Blow for Sunak’s green energy plans after offshore wind auction flops

Not a single offshore wind farm has been commissioned in a key auction, dealing a blow to the Rishi Sunak’s promise to decarbonise the UK’s electricity production.

In the annual auction which lets companies bid to supply the grid with electricity, many onshore wind projects and solar farms bid to get a contract.

However, the government announced that no offshore wind contracts – seen as the backbone of the UK’s green electricity ambitions – were included this year.

Environmentalists called it a “complete flop” and a “monumental failure”, arguing that it left the UK more reliant on fossil fuels.

One industry source said: “There is no offshore wind and that’s the backbone of our transition to clean energy and attempts to stop using gas, which must be a worry for government.”

Greenpeace UK’s policy director, Doug Parr, said: “This monumental failure is the biggest disaster for clean energy in almost a decade.”

Labour shadow energy security and net zero secretary Ed Miliband said: “Ministers were warned time and again that this would happen, but they did not listen.

“They simply don’t understand how to deliver the green sprint, and Rishi Sunak’s government is too weak and divided to deliver the clean power Britain needs.”

Wind farm builders had warned for months that the government, which sets a maximum price that companies are allowed to charge, was not taking into account how much their costs had soared during the cost-of-living crisis, which has also pushed up prices for businesses.

“The economics simply did not stand up,” the boss of ScottishPower said on Friday after the result.

Energy and climate change minister Graham Stuart insisted that offshore wind remains “central to our ambitions to decarbonise our electricity supply”.

The minister added: “The UK installed 300 new turbines last year and we will work with industry to make sure we retain our global leadership in this vital technology.”

Companies found out on Friday whether they won new offshore contracts

(PA Archive)

The failure puts a major dent in ministers’ promise to deliver 50 gigawatts (GW) of offshore wind by 2030, from 14 GW today.
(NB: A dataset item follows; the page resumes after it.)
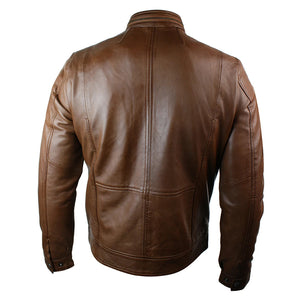 Veste de motard en cuir bordeaux décontractée courte zippée pour hommes - Marron - Aviatrix - 4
The government pointed to the fact that a record number of renewables were awarded funding from the auction. A total of 95 clean energy projects – including solar power and onshore wind – were successful in the £227m round, up from 93 in the previous round.

In a press release, the government said that the scheme was “set to deliver 3.7 GW of homegrown energy”. But it did not mention that last year’s auction granted contracts for 11 GW.

The UK has for years been a world leader in offshore wind, second only to China in the amount of power that its turbines can produce.

It has been a major British success story and helped customers save hundreds of millions of pounds during the recent energy crisis.

Ed Miliband said ministers were warned no new offshore wind was on the way

(PA Archive)

Producing offshore wind used to be expensive, but after years of innovation and building up scale, the price of supplying wind power to British homes had dropped dramatically.

New offshore wind turbines now produce electricity at a considerably cheaper rate than gas power plants. The price of gas has soared after Russia’s full-scale invasion of Ukraine.

Keith Anderson, the boss of ScottishPower, which is one of the key builders of wind power in the UK, said that offshore wind is still one of the cheapest ways to generate electricity.

“This is a multibillion-pound lost opportunity to deliver low-cost energy for consumers, and a wake-up call for government,” he said.

“ScottishPower is in the business of building wind farms and our track record is second-to-none in terms of getting projects over the line when others haven’t been able to. But the economics simply did not stand up this time around.”

Mr Parr of Greenpeaced said the auction round had “completely flopped” – leaving the UK “more dependent on expensive, imported fossil gas”

He said the government was “denying bill payers access to cheap, clean energy and putting the UK’s legally binding target of decarbonising power by 2035 in greater jeopardy”.